**AIM OF THE TASK**
Please restate, word for word, the lines below that begin at the one with "Victoria Helen Stone" and end at the one with "Careful, Santa is Here! T-Shirt". Leave out all other lines.

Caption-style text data
____

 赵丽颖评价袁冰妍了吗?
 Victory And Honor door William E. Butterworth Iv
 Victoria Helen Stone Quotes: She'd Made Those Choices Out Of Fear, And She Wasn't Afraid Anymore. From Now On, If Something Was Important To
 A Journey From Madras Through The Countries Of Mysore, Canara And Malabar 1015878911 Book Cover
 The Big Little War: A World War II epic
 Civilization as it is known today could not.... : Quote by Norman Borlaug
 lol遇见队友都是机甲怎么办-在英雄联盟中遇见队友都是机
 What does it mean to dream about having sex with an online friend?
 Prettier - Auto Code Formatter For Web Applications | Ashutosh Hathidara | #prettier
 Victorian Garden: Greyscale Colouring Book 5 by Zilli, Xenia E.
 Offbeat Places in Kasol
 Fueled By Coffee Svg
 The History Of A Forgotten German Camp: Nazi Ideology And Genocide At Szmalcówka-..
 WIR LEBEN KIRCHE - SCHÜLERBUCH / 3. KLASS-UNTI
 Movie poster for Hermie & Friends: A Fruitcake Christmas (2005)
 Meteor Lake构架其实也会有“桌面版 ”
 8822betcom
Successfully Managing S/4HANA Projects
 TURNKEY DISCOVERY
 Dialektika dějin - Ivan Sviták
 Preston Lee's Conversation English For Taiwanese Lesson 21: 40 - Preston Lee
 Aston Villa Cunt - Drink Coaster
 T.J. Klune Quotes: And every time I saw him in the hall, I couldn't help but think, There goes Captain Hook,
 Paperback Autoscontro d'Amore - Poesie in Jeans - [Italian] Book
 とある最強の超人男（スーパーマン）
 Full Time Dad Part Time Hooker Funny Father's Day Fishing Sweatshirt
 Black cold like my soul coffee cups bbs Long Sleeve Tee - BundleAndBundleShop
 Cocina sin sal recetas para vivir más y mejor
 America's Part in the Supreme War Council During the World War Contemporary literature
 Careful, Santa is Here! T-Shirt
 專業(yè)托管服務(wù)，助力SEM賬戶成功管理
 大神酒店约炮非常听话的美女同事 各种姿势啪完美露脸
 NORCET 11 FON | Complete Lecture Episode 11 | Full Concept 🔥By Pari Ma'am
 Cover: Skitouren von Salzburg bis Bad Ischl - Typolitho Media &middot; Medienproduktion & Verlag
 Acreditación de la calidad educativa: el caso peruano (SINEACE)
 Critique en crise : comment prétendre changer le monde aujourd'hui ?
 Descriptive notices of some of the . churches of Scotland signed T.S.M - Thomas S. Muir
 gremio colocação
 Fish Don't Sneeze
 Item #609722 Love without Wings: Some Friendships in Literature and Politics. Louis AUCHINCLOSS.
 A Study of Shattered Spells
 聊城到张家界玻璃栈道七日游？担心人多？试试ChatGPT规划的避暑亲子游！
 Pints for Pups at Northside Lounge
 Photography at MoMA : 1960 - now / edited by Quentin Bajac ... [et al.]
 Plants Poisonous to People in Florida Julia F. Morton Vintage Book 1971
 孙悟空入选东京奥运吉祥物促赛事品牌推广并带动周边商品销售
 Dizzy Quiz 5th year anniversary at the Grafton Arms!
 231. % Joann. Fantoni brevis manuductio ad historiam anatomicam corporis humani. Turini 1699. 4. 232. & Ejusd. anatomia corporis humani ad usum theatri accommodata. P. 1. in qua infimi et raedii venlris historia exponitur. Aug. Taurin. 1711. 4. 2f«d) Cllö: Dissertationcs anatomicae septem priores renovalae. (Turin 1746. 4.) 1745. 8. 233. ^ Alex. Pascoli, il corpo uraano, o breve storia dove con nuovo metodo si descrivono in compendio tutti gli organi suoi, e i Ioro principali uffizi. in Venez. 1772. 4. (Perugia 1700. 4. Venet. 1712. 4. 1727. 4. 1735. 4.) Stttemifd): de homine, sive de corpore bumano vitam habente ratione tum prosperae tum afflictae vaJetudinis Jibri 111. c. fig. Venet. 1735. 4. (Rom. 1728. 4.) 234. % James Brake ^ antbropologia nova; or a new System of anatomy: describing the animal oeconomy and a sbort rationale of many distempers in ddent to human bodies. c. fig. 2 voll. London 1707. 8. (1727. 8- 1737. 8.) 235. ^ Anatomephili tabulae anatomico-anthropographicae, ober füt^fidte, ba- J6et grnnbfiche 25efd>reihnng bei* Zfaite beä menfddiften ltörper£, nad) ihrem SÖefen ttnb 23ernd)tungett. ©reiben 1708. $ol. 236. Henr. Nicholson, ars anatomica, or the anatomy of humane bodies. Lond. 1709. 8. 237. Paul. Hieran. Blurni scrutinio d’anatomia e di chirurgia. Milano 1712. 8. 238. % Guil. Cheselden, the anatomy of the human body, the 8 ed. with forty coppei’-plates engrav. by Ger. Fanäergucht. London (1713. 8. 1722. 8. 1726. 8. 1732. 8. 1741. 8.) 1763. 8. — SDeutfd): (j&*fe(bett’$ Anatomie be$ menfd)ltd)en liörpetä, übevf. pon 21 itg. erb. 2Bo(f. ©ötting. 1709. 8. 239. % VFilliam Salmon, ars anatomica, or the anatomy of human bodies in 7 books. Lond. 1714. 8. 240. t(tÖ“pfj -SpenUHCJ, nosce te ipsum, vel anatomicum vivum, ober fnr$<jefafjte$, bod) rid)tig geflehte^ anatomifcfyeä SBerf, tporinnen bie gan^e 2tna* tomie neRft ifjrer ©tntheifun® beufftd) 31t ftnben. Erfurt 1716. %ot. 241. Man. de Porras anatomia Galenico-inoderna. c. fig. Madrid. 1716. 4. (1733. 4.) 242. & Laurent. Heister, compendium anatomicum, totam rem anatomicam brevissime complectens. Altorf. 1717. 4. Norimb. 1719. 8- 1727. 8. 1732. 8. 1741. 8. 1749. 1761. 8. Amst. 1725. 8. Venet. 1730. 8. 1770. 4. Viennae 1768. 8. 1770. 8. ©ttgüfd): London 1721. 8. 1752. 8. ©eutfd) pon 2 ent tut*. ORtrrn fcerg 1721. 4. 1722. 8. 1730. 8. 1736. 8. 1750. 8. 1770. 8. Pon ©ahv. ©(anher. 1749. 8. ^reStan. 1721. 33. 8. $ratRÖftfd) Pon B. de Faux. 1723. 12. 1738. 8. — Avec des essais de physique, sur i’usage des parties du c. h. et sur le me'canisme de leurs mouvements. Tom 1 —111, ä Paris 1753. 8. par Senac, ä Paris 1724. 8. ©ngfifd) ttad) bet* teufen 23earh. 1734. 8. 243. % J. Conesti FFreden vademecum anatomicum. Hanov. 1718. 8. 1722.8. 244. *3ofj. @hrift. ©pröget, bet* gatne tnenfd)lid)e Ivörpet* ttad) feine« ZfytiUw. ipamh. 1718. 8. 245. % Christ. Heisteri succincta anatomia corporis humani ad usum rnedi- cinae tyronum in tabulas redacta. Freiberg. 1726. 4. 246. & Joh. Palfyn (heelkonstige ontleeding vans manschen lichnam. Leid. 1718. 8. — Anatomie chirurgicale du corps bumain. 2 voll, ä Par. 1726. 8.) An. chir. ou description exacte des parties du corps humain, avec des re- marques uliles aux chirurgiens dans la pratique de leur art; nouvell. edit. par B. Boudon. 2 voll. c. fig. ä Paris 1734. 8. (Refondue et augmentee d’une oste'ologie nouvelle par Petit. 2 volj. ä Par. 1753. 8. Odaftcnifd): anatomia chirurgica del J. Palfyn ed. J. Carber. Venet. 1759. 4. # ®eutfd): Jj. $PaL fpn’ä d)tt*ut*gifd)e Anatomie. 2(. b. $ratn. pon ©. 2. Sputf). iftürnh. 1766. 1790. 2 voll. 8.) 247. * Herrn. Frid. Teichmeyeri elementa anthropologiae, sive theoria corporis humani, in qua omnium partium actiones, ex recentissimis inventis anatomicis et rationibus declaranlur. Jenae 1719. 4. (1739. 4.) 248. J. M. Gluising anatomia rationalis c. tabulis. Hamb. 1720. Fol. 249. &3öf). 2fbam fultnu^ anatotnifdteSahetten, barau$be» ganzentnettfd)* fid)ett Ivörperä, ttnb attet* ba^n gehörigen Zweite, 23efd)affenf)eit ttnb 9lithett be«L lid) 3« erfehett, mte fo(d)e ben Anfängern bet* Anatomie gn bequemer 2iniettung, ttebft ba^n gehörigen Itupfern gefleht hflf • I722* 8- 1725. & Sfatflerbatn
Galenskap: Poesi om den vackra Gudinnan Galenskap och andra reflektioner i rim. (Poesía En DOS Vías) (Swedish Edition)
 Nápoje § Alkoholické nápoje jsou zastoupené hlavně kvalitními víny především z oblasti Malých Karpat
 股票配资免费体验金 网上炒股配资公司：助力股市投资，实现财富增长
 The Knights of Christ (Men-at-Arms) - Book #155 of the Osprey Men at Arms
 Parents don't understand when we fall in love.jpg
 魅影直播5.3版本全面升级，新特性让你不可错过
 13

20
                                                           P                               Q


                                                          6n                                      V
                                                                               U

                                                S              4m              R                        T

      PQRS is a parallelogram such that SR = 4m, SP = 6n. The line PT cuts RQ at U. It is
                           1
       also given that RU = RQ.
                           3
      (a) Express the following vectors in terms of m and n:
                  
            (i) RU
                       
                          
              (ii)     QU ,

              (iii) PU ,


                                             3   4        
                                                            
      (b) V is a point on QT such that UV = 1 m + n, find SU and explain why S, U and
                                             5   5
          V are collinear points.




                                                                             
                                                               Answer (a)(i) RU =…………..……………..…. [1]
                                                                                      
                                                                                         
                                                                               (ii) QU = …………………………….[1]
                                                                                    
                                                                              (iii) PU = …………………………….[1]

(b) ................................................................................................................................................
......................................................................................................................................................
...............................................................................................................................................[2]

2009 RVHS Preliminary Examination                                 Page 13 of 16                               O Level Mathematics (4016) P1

____

**RESPONSE BELOW**
 Victoria Helen Stone Quotes: She'd Made Those Choices Out Of Fear, And She Wasn't Afraid Anymore. From Now On, If Something Was Important To
 A Journey From Madras Through The Countries Of Mysore, Canara And Malabar 1015878911 Book Cover
 The Big Little War: A World War II epic
 Civilization as it is known today could not.... : Quote by Norman Borlaug
 lol遇见队友都是机甲怎么办-在英雄联盟中遇见队友都是机
 What does it mean to dream about having sex with an online friend?
 Prettier - Auto Code Formatter For Web Applications | Ashutosh Hathidara | #prettier
 Victorian Garden: Greyscale Colouring Book 5 by Zilli, Xenia E.
 Offbeat Places in Kasol
 Fueled By Coffee Svg
 The History Of A Forgotten German Camp: Nazi Ideology And Genocide At Szmalcówka-..
 WIR LEBEN KIRCHE - SCHÜLERBUCH / 3. KLASS-UNTI
 Movie poster for Hermie & Friends: A Fruitcake Christmas (2005)
 Meteor Lake构架其实也会有“桌面版 ”
 8822betcom
Successfully Managing S/4HANA Projects
 TURNKEY DISCOVERY
 Dialektika dějin - Ivan Sviták
 Preston Lee's Conversation English For Taiwanese Lesson 21: 40 - Preston Lee
 Aston Villa Cunt - Drink Coaster
 T.J. Klune Quotes: And every time I saw him in the hall, I couldn't help but think, There goes Captain Hook,
 Paperback Autoscontro d'Amore - Poesie in Jeans - [Italian] Book
 とある最強の超人男（スーパーマン）
 Full Time Dad Part Time Hooker Funny Father's Day Fishing Sweatshirt
 Black cold like my soul coffee cups bbs Long Sleeve Tee - BundleAndBundleShop
 Cocina sin sal recetas para vivir más y mejor
 America's Part in the Supreme War Council During the World War Contemporary literature
 Careful, Santa is Here! T-Shirt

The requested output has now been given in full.